The Mamanwa can be found in Agusan del Norte, Surigao del Norte, Surigao del Sur, Panaoan Island, and in the mountains of Southern Leyte. The Mamanwan dialect is bordered on the north and east by Suriganon; on the west by a mixed vernacular of Surigaonon and Cebuano; on the southwest by Butuanon; and on the southeast by Bislig Kamayo. Mamanwan is typologically an Austronesian language classified as a member of the Visayan language family tree of the Southern Philippines (by Dyen 1965). According to comparative studies made by Pallesen (1985), the Southern Visayan language family, historically, has two dominant branches which are Proto-Surigao and Proto-Mansaka; from Proto-Surigao are ascended the Mamanwa, Surigaonon, Butuanon, Kamayo, and Tausug.
The national population is about 1,922 (NSO 1990) with concentrations in Agusan del Norte (725) principally in Kitcharao (300) and Santiago (430) (NSO 1980). The people, however, are very mobile, continually relocating themselves in search of subsistence. Lately, they have moved into Southern Leyte.
One of the oldest and still extant tribes in the Philippines is the Mamanwa tribe, who bear a striking physical resemblance to the Negritos. Their other name is Mamanwa Negritos and are believed to be descendants of the original settlers of the Philippines. Leadership is accorded to the eldest and most respected males in their community to lead the Mamanwas; once chosen, the role as tribal leader(s) cannot be passed down onto the next of kin. Communes comprise of three to twenty households arranged in a circle atop a high ridge or deep within a valley. The incursion of heavy industry into their heritage lands had forced many to settle in the hinterlands, where they continue to practice their customs and traditions. Hence, some practices have fallen by the wayside, such as traditional hunting by bow and arrow. The Mamanwas receive some of their subsistence from other groups with whom they have forged labor agreements.

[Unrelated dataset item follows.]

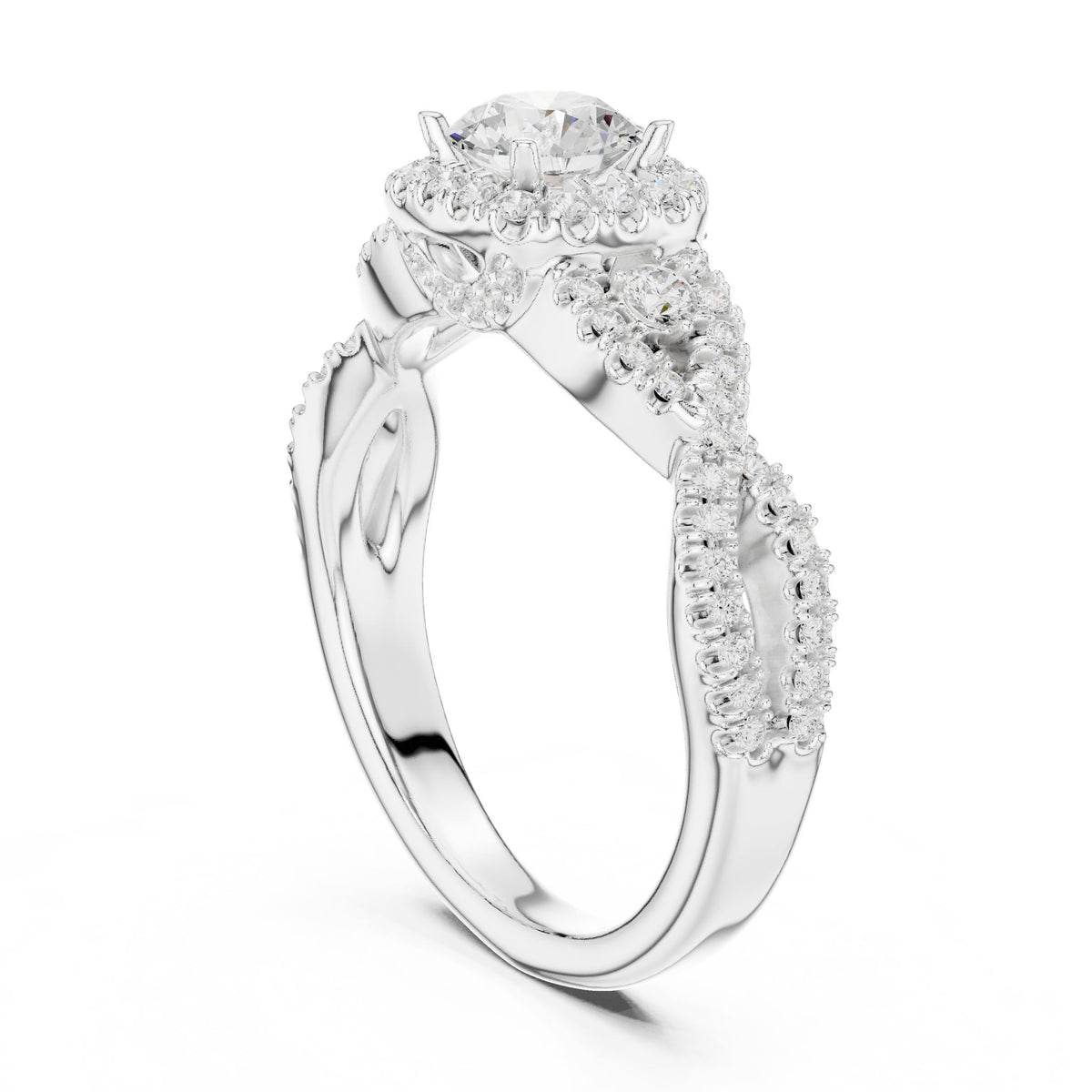 Round Halo Lab Grown Diamond Engagement Ring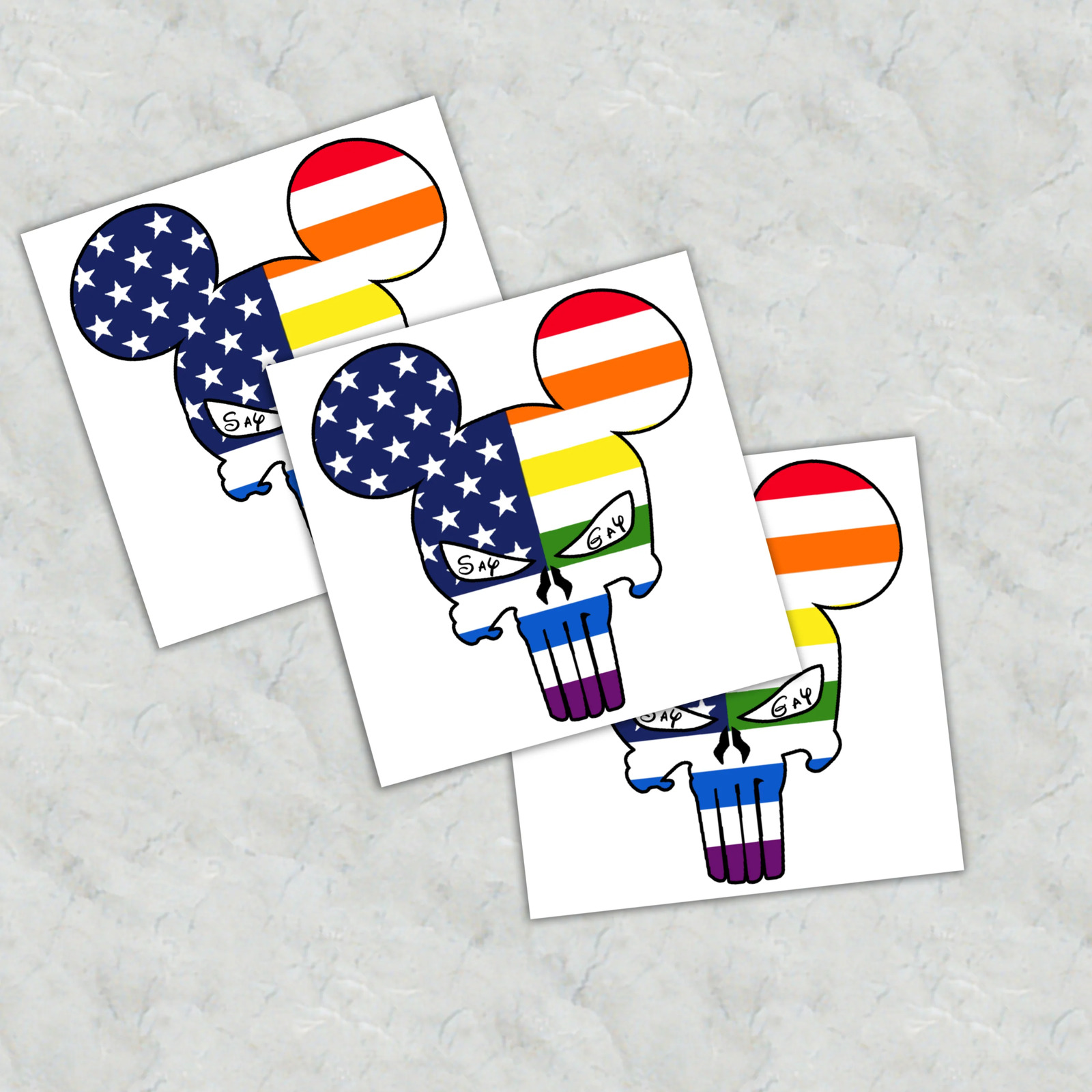 3 Pack Say Gay Disney Support Mickey Punisher Mashup Stickers. FREE USA SHIPPING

The lifeway of the Mamanwa is founded on slash-and-burn cultivation on small patches and minimal wet rice agriculture. Food gathering is heavily relied upon. The bow and arrow which was once important in hunting is no longer in use. Patron-client relationships with members of the surrounding group operate to some extent to provide them with subsistence needs. Settlements are generally small, numbering from three to twenty households in high ridges or valleys. The houses are usually arranged in a circle. Traditionally, dwellings are without walls.
A community is usually composed of kindred. Leadership resides in the oldest and most respected male. The role is not inherited but must be earned.